## PROBLEM DESCRIPTION
Could you restate every entry word for word, leaving the pictures out?

▬▬▬▬▬▬▬▬▬▬

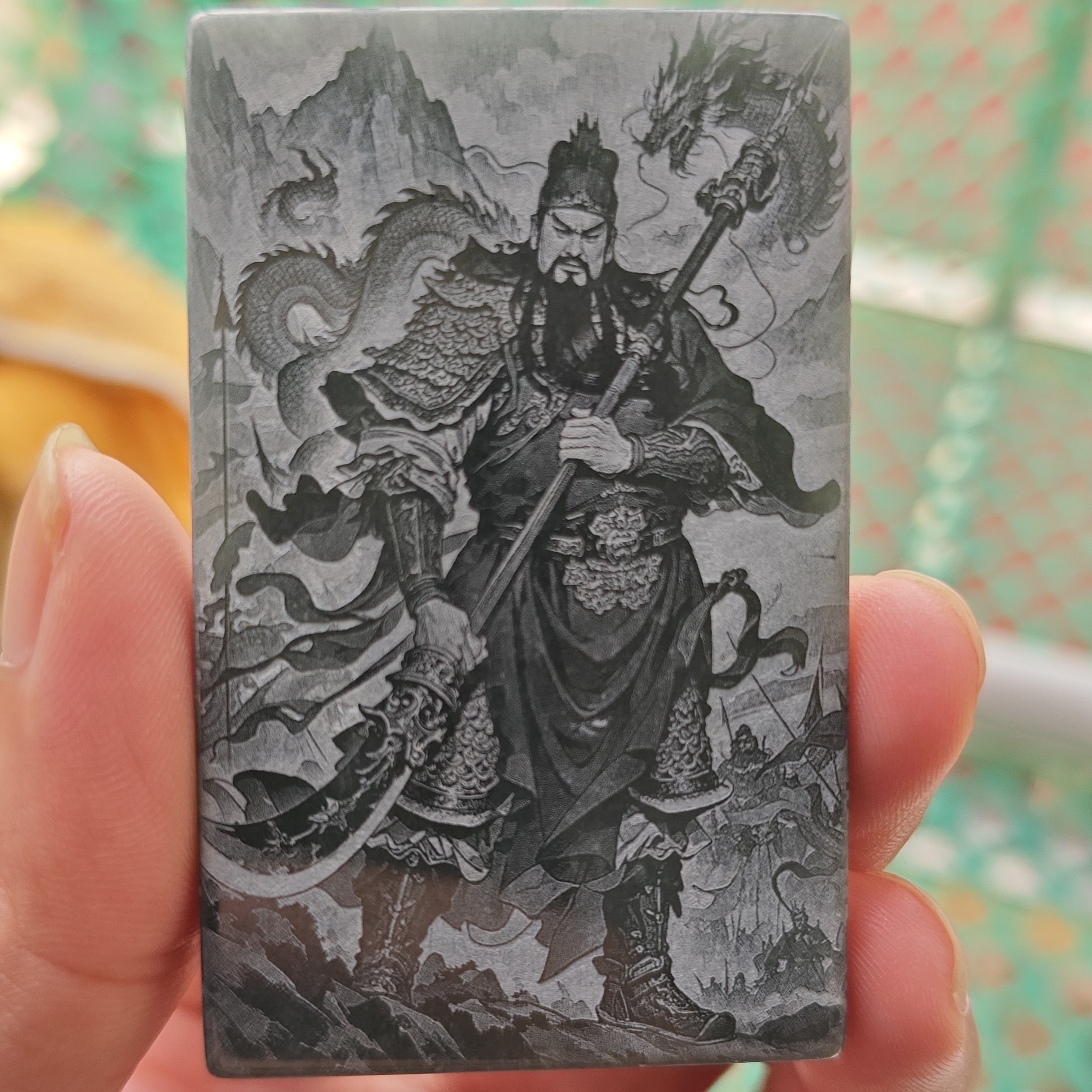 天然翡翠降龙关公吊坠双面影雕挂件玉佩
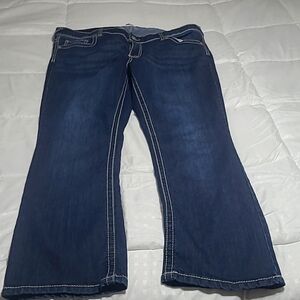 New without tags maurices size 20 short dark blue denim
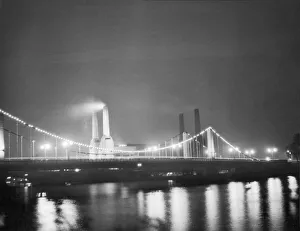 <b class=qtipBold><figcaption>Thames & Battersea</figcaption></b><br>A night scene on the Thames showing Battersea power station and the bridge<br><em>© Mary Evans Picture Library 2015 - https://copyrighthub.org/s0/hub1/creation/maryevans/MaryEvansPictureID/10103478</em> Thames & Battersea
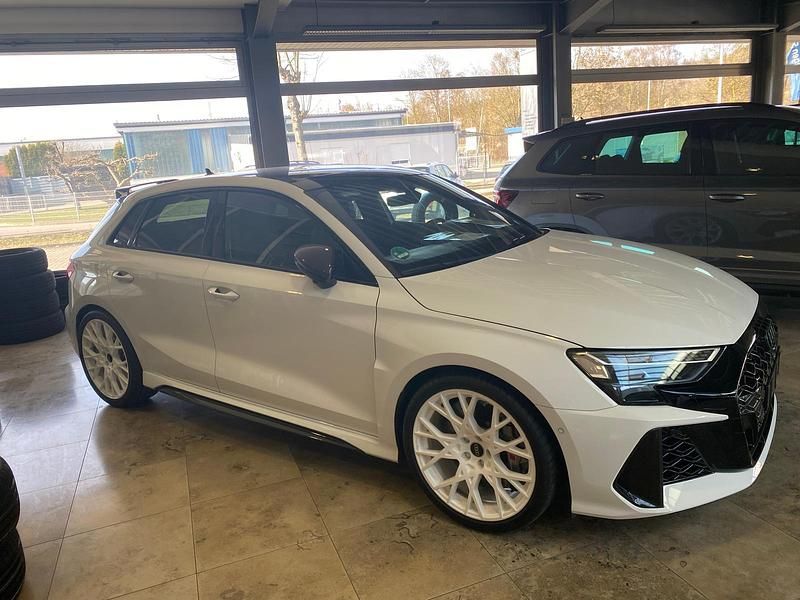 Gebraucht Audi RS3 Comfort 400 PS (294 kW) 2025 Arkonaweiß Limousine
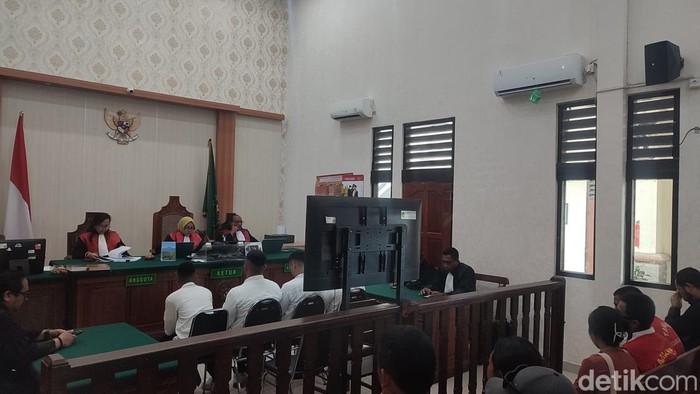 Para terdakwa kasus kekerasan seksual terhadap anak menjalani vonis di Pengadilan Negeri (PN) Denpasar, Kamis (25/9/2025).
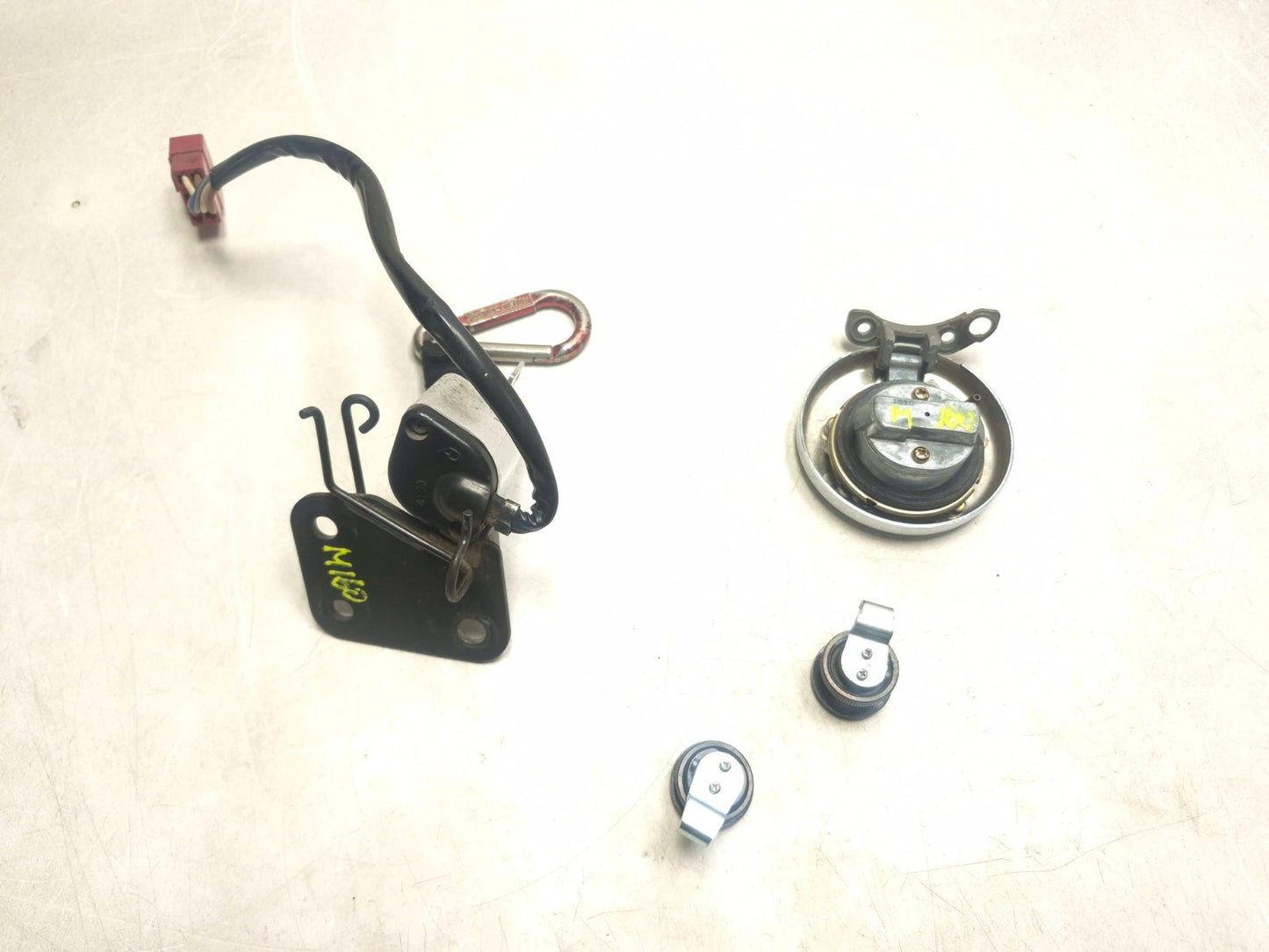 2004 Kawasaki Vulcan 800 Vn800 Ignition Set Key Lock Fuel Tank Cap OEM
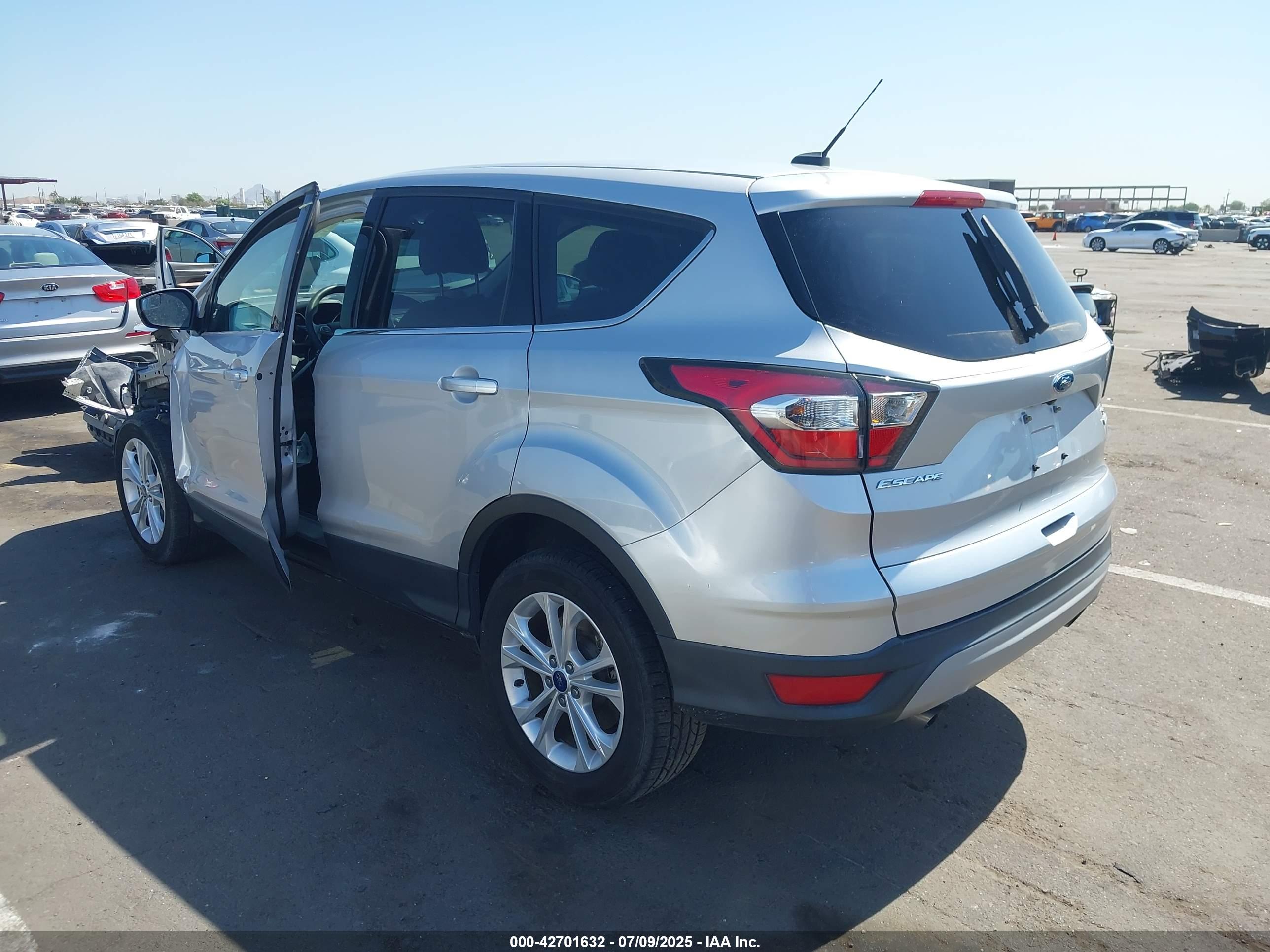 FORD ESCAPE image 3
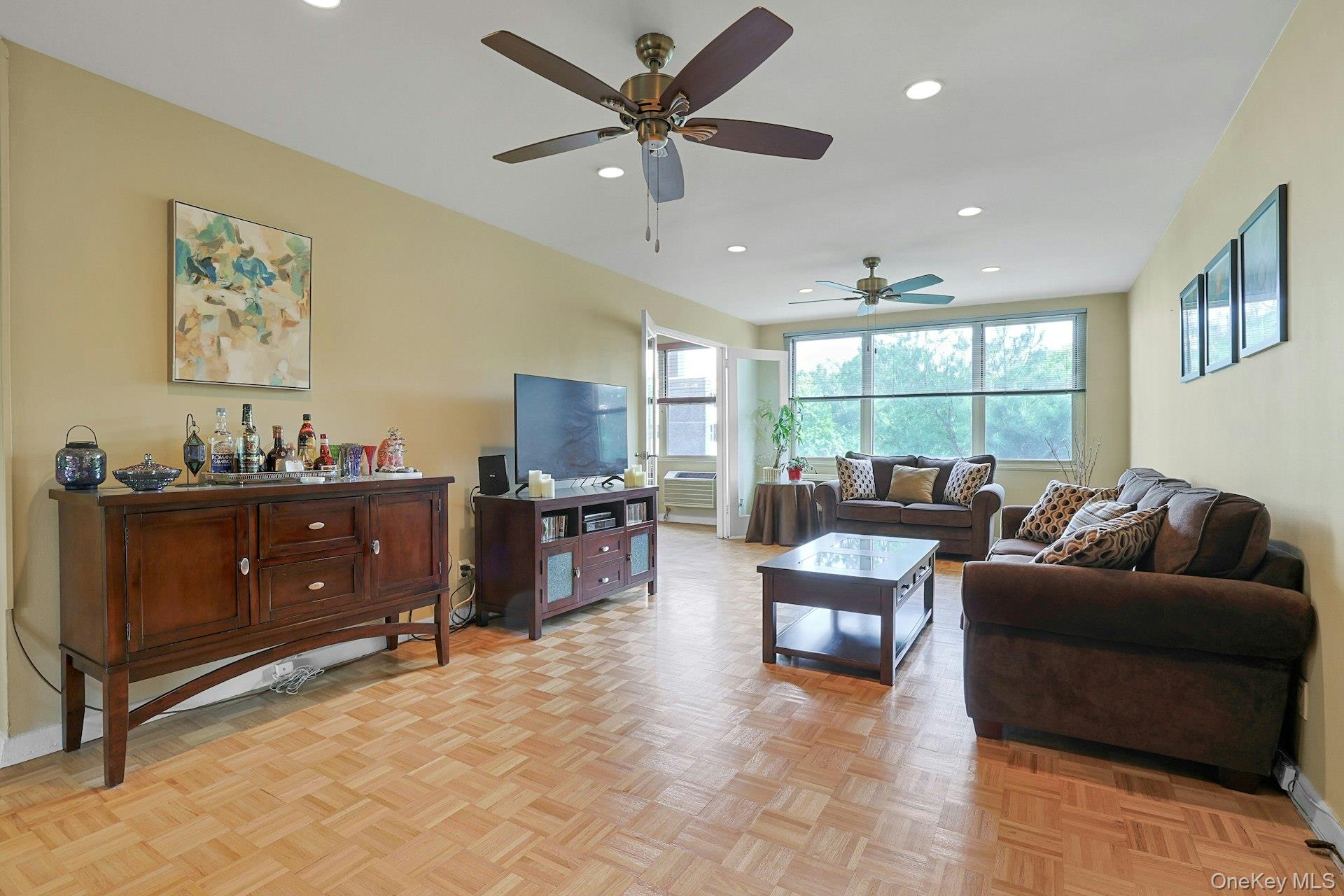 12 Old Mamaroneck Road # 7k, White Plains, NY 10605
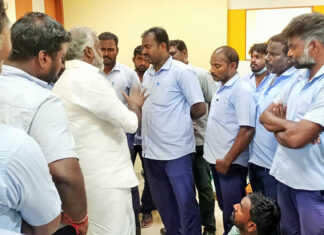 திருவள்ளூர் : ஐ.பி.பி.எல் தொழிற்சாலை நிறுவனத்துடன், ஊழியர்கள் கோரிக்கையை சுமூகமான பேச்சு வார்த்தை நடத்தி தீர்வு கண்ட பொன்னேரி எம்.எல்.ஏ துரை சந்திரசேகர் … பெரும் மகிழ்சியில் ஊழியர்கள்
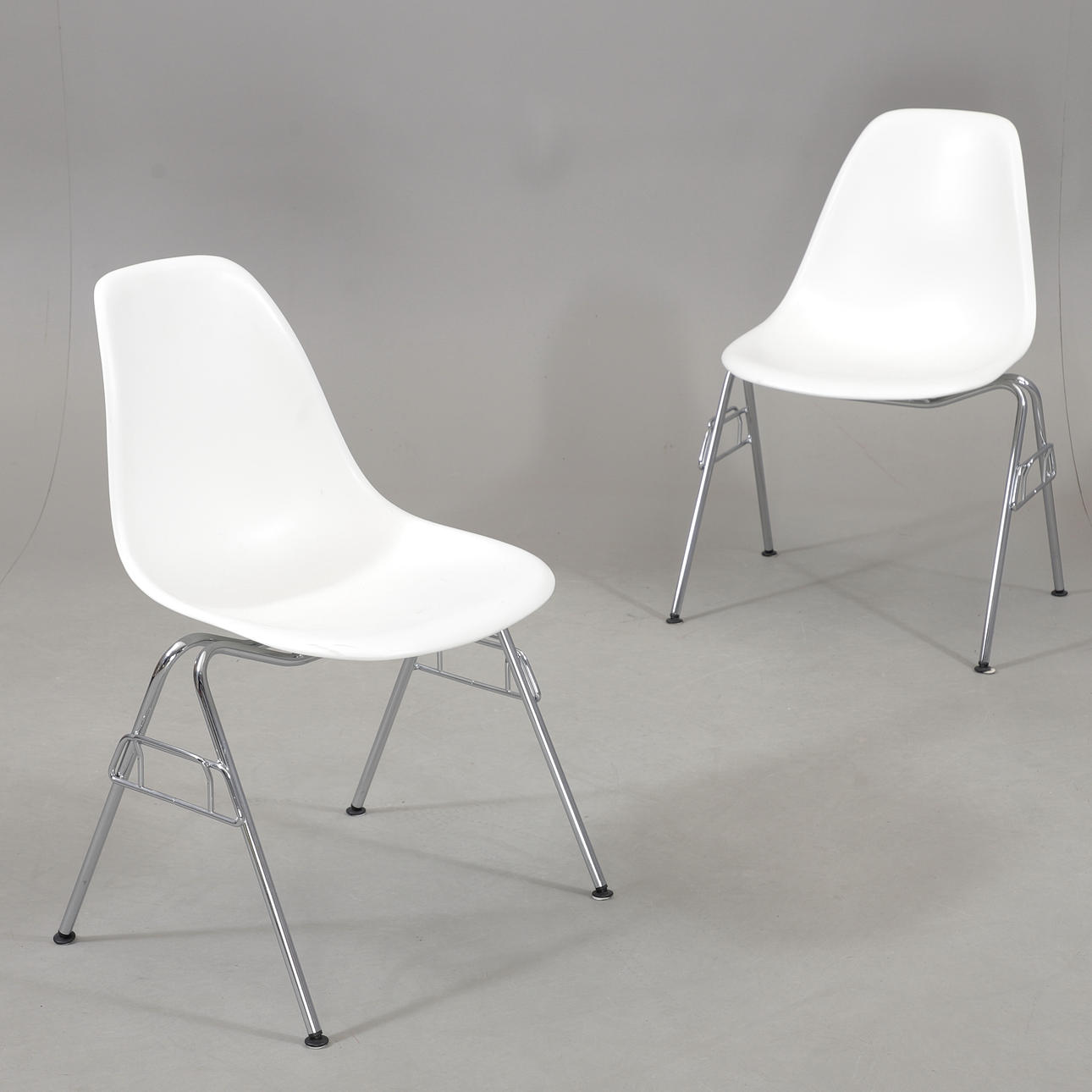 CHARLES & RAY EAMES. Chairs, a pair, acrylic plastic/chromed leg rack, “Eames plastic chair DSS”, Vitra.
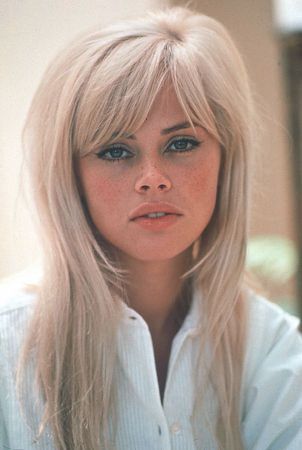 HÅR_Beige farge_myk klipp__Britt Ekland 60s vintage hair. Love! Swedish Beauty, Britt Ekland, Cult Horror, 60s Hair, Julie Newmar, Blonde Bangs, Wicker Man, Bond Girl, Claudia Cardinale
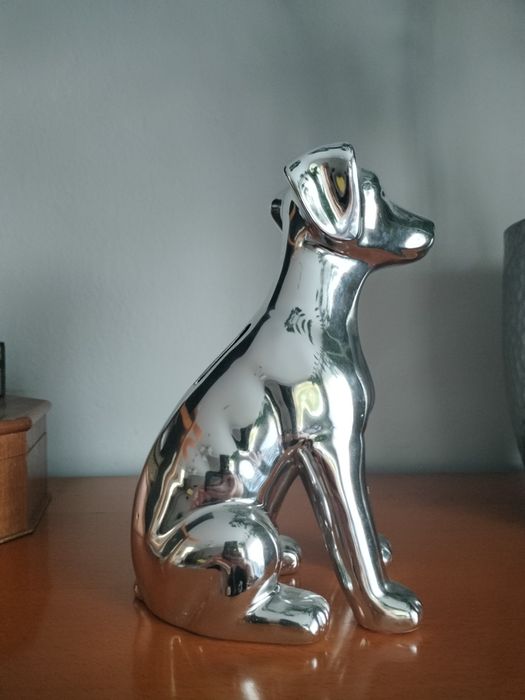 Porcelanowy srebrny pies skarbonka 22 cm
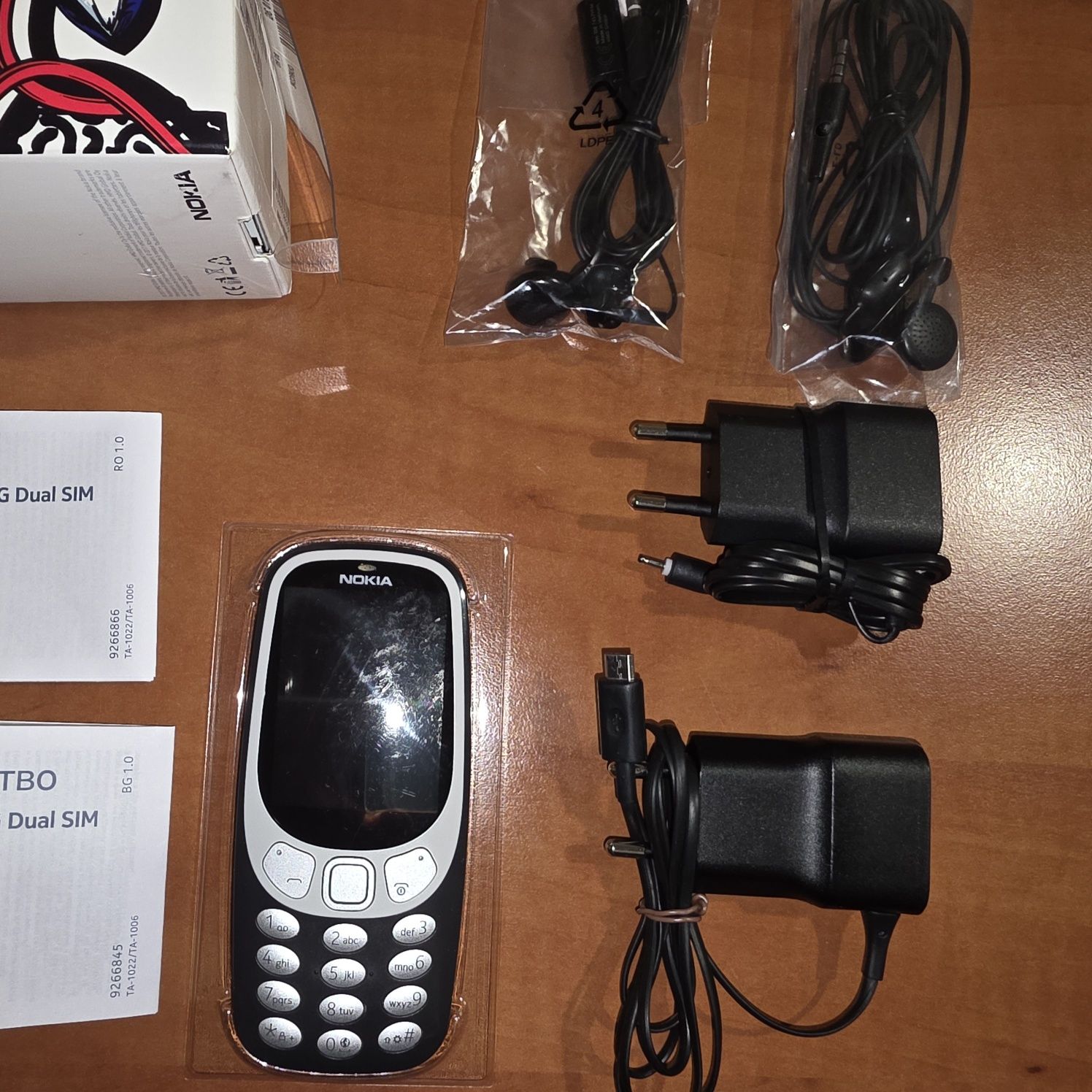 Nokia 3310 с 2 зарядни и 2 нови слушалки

▬▬▬▬▬▬▬▬▬▬

## EXERCISE RESPONSE
 天然翡翠降龙关公吊坠双面影雕挂件玉佩
 New without tags maurices size 20 short dark blue denim
 <b class=qtipBold><figcaption>Thames & Battersea</figcaption></b><br>A night scene on the Thames showing Battersea power station and the bridge<br><em>© Mary Evans Picture Library 2015 - https://copyrighthub.org/s0/hub1/creation/maryevans/MaryEvansPictureID/10103478</em> Thames & Battersea
 Gebraucht Audi RS3 Comfort 400 PS (294 kW) 2025 Arkonaweiß Limousine
 Para terdakwa kasus kekerasan seksual terhadap anak menjalani vonis di Pengadilan Negeri (PN) Denpasar, Kamis (25/9/2025).
 2004 Kawasaki Vulcan 800 Vn800 Ignition Set Key Lock Fuel Tank Cap OEM
 FORD ESCAPE image 3
 12 Old Mamaroneck Road # 7k, White Plains, NY 10605
 திருவள்ளூர் : ஐ.பி.பி.எல் தொழிற்சாலை நிறுவனத்துடன், ஊழியர்கள் கோரிக்கையை சுமூகமான பேச்சு வார்த்தை நடத்தி தீர்வு கண்ட பொன்னேரி எம்.எல்.ஏ துரை சந்திரசேகர் … பெரும் மகிழ்சியில் ஊழியர்கள்
 CHARLES & RAY EAMES. Chairs, a pair, acrylic plastic/chromed leg rack, “Eames plastic chair DSS”, Vitra.
 HÅR_Beige farge_myk klipp__Britt Ekland 60s vintage hair. Love! Swedish Beauty, Britt Ekland, Cult Horror, 60s Hair, Julie Newmar, Blonde Bangs, Wicker Man, Bond Girl, Claudia Cardinale
 Porcelanowy srebrny pies skarbonka 22 cm
 Nokia 3310 с 2 зарядни и 2 нови слушалки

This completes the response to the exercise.